For the first time, scientists have entangled atoms for use as networked quantum sensors, specifically, atomic clocks and accelerometers.
The research team’s experimental setup yielded ultraprecise measurements of time and acceleration. Compared to a similar setup that does not draw on quantum entanglement, their time measurements were 3.5 times more precise, and acceleration measurements exhibited 1.2 times greater precision.
The result, published in Nature, is partially supported by Q-NEXT, a U.S. Department of Energy (DOE) National Quantum Information Science Research Center led by DOE’s Argonne National Laboratory. The research was conducted by scientists currently working at Stanford University, Cornell University and DOE’s Brookhaven National Laboratory.
“The impact of using entanglement in this configuration was that it produced better sensor network performance than would have been available if quantum entanglement were not used as a resource,” said Mark Kasevich, lead author of the paper, a member of Q-NEXT, the William R. Kenan, Jr. professor in the Stanford School of Humanities and Sciences and professor of physics and of applied physics. “For atomic clocks and accelerometers, ours is a pioneering demonstration.”
What is quantum entanglement? How does it apply to sensors?
- Entanglement, a special property of nature at the quantum level, is a correlation between two or more objects. When two atoms are entangled, one can measure the properties of both atoms by observing only one. This is true no matter how much distance — even if it’s light-years — separates the entangled atoms.
- A helpful everyday analogy: A red marble and a blue marble are placed in a box. If you draw a red marble from the box, you know, without having to look at the other one, that it’s blue. The color of the marbles is correlated, or entangled.
- In the quantum realm, entanglement is subtler. An atom can take on multiple states (colors) at once. If our marbles were like atoms, each marble would be both red and blue at the same time. Neither is fully red or blue while it sits the box. The quantum marble “decides” its color only at the moment of revelation. And once you draw one marble of “decided” color, you know the color of its entangled partner.
- To take a measurement of one member of an entangled pair is effectively to take a simultaneous reading of both.
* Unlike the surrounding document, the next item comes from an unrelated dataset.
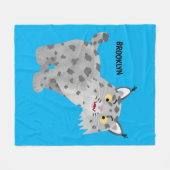 Niedlicher gemeiner Bobcat-Luchs-Cartoon Fleecedecke (Vorderseite (Horizontal))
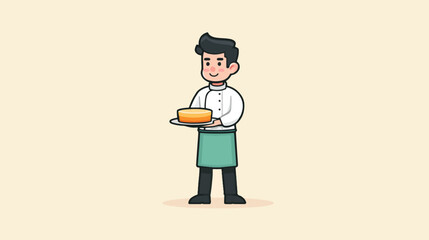 Cartoon chef holding cake illustration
- Taking this further: Two entangled clocks are practically equivalent to a single clock with two displays. Time measurements taken using entangled clocks can be more precise than measurements from two separate, synchronized clocks.
Why it matters
Greater sensitivity in atomic clocks and accelerometers would lead to more precise timekeeping and navigation systems, such as those used in global positioning systems, in defense and in broadcast communications. Ultraprecise clocks are also used in finance and trading.
“GPS tells me where I am to about a meter right now,” Kasevich said. “But what if I wanted to know where I was to within 10 centimeters? That’s what the impact of better clocks would be.”
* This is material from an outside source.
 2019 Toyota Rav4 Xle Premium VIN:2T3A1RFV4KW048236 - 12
A note on ultraprecise clocks
One can mark the passage of time by counting the number of pulses in an electromagnetic wave, just as you would count the ticks of a clock. If you know that a particular wave pulses 6 billion times per second, you know that, once you count 6 billion crests of the wave, one second has passed. So knowing the exact frequency of a microwave gives one a precise way to track time.
How it works
The entanglement: Rubidium atoms, trapped inside a cavity, are separated into two groups of about 100,000 atoms each. The groups sit between two mirrors. Light is made to bounce back and forth between the mirrors, tracing its way through the groups of atoms with every shot. The ricocheting light entangles them.
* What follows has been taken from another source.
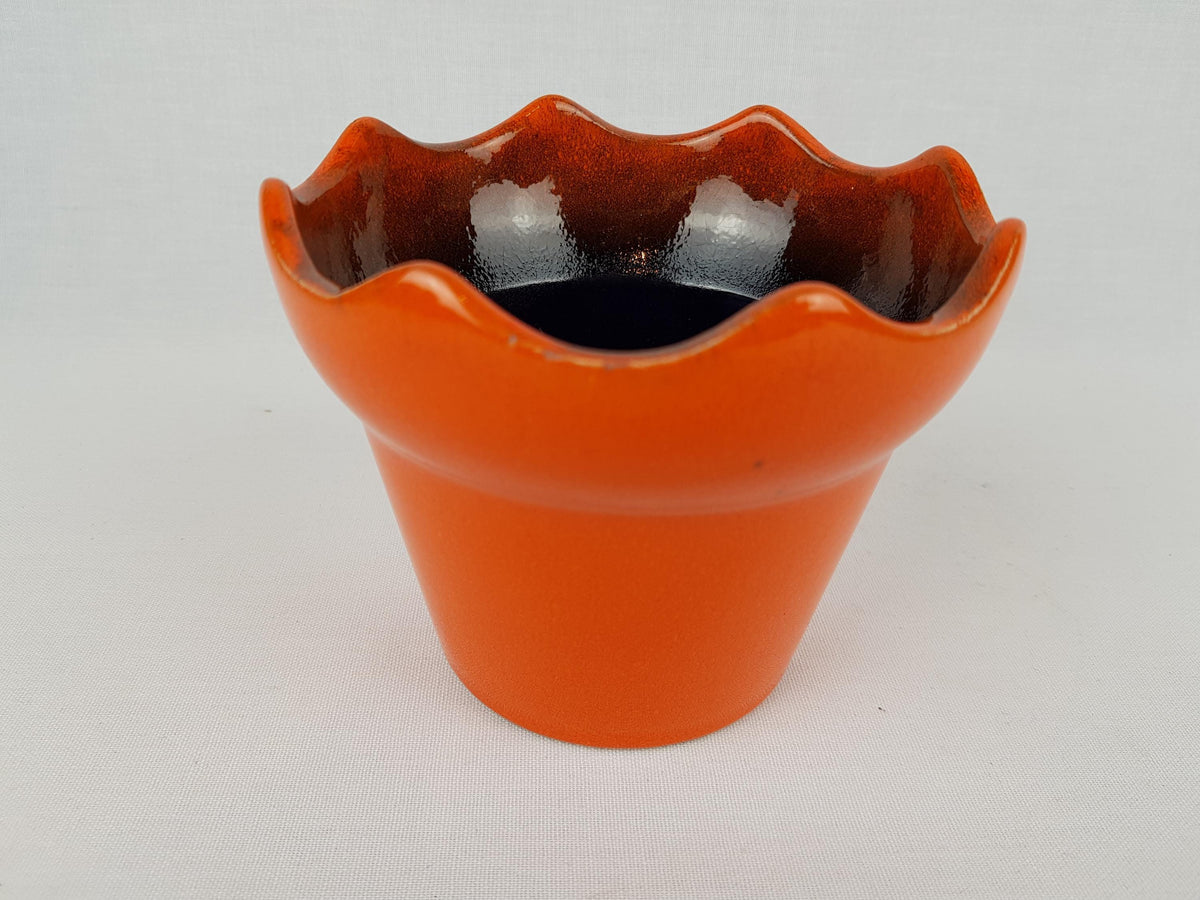 Vintage MAREI KERAMIK Orange Flower Pot Planter 13 3 West German Pottery 1970s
The sensing: A microwave ripples through the two groups of atoms. The atoms that happen to resonate with the microwave’s particular frequency respond by changing to a different state, like the wine glass that vibrates when a soprano hits just the right note.
Similarly, when a particular acceleration is applied to the atomic groups, some fraction of the atoms in each group responds by changing state.
The measurement: The two entangled atomic groups behave like two faces of a single clock, or two readings of one accelerometer.
The research team measured the number of atoms that changed state — the ones that vibrated like a wine glass — in each group.
Then they used the numbers to calculate the difference in the microwave frequencies applied to the two groups, and therefore the difference in the groups’ readings of time or acceleration.
Increased precision: The Kasevich team found that entanglement improves the precision in the frequency or acceleration difference read by the displays.
In their setup, the measurement of time in two locations was 3.5 times more precise when the clocks were entangled than if they were operating independently. For acceleration, the measurement was 1.2 times more precise with entanglement.
“If you want to know how long something takes, you might look at one clock as a starting point and then run to another room to look at another clock, the end point,” Kasevich said. “Our method exploits the entanglement principle to make that comparison as precise as possible.”
The researchers also successfully networked four groups of atoms in four separate locations using this configuration.
In the team’s experiment, the two groups of atoms were separated by about 20 micrometers, close to the average width of a human hair.
Their work means that time or acceleration can be compared, with unprecedented sensitivity, between four separate, albeit close-together, locations.
“In the future, we want to push them out to longer distances. The world wants clocks whose time can be compared. It’s the same with accelerometers. There are sensing configurations where you want to be able to read out the difference in the acceleration of one group with respect to another. We were able to show how to do that,” Kasevich said.
“This is a tour de force result from Mark and his team,” said Q-NEXT Deputy Director JoAnne Hewett, who is also the SLAC National Accelerator Laboratory associate director of fundamental physics and chief research officer as well as a Stanford professor of particle physics and astrophysics. “This means we can harness entanglement to develop sensors that are far more powerful than those we use today. We are another step closer to wielding quantum phenomena to improve our everyday lives.”
This work was supported by the DOE’s Office of Science National Quantum Information Science Research Centers as part of the Q-NEXT center.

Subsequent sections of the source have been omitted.